Airport Director Tom Miller says the federal inspection station, also known as an FIS, will open more doors for the airport and create more opportunities. “We would be able to do commercial charter flights from Green Bay to Cancun, for example,” he says. “There is a lot of interest in seeing this happen.”

If Austin Straubel would offer such flights, area hotels and restaurants would also benefit, since travelers from northern Wisconsin and Upper Michigan would travel to Green Bay rather than Milwaukee or the Twin Cities. “People will come the night before a flight to Mexico, for example, and stay in a hotel and eat out, or they may stay in a hotel once they get back before heading home,” Miller says.

The FIS proposal includes building a $7.5 million, 20,000-square-foot facility with full-time staffing to clear international flights. Right now, the airport’s customs staff can only handle processing international passengers for the airport’s two fixed-based operators as well as about 100 marine vessels that come to ports in Green Bay, Marinette, Manitowoc and Sturgeon Bay.

The airport’s addition of an autoclave, which sanitizes and disposes international trash, has attracted charters, which are looking for a place of entry into the United States.

“The autoclave has opened up a whole new avenue to us regarding international travel,” says Miller, adding that the airport currently processes more than 330 foreign aircraft and 48,000 international passengers annually.

To make the FIS a go, the airport has gained backing from local businesses, as well as Ribble, and has had MetJet, a public tour operator, pledging to make direct flights between Green Bay and foreign destinations. Miller says once another commercial airline comes on board and makes public its intent to fly from Green Bay to international destinations, U.S. Customs will go along with the proposal.

Miller says the FIS building project would receive funding from the FAA and that Brown County and Austin Straubel have already invested $300,000 in infrastructure improvements.

“We feel good about this happening,” he says, adding that a study has shown a full-service FIS will add 46 local jobs in the airline and tourism industry and have an annual economic impact of $2.5 million to the community.

Much like Austin Straubel, the Port of Green Bay is another community entry point. The Port doesn’t have its final numbers in for 2012, but Brown County Port and Solid Waste Department Director Dean Haen predicts the numbers will be close to those of 2011, which saw a 25 percent increase over 2010.

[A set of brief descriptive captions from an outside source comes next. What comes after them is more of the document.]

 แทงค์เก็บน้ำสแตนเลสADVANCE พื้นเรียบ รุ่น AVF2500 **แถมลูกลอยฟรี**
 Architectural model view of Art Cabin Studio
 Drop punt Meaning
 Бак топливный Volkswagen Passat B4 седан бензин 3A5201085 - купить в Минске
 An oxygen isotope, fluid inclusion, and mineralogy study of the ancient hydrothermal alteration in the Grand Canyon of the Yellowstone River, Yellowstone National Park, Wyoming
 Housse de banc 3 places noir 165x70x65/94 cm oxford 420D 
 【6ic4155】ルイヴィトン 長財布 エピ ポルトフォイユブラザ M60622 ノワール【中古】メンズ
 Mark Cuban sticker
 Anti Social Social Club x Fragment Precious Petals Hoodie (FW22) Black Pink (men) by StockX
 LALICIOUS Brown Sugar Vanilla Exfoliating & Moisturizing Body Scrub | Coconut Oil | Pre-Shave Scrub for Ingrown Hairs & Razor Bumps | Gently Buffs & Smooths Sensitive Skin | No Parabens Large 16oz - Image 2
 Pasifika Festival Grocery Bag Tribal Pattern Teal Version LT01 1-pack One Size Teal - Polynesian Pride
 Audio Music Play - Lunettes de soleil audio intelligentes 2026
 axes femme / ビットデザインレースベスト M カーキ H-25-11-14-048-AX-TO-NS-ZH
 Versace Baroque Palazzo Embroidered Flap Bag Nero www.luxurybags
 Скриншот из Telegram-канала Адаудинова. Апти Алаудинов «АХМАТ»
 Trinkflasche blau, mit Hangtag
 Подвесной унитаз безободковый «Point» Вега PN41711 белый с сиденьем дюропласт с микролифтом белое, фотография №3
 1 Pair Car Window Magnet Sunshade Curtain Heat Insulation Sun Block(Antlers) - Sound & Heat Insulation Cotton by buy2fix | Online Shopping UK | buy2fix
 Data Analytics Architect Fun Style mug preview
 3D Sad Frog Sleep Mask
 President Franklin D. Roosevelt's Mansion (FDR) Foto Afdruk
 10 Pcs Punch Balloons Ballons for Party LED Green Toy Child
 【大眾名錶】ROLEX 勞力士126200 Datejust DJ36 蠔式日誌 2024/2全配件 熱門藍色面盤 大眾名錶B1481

“As the economy rebounds, so does the business at the port,” he says. “We don’t expect as much salt coming in this year since we didn’t have a harsh winter last year, but we did see an increase in cement because of the Lambeau Field construction project and U.S. 41 construction.”

The 14 port businesses moved more than 2 million metric tons of commodities, including coal, limestone, cement, salt, pig iron, fuel oil and forest products, in 2011. Those commodities were valued at more than $300 million. Haen says he continues to work to draw more businesses to the port.

The Port is also part of a $20 million project to restore the Cat Islands, which will recreate more than 270 acres of upland habitat that will protect 1,400 acres of shallow water, which will lead to a better environment for vegetation, fish and waterfowl.

“This is a huge, multi-year project that will generate immediate environmental improvements and keep the channel open,” Haen says. “It’s an exciting project and one that’s been in the works for awhile.”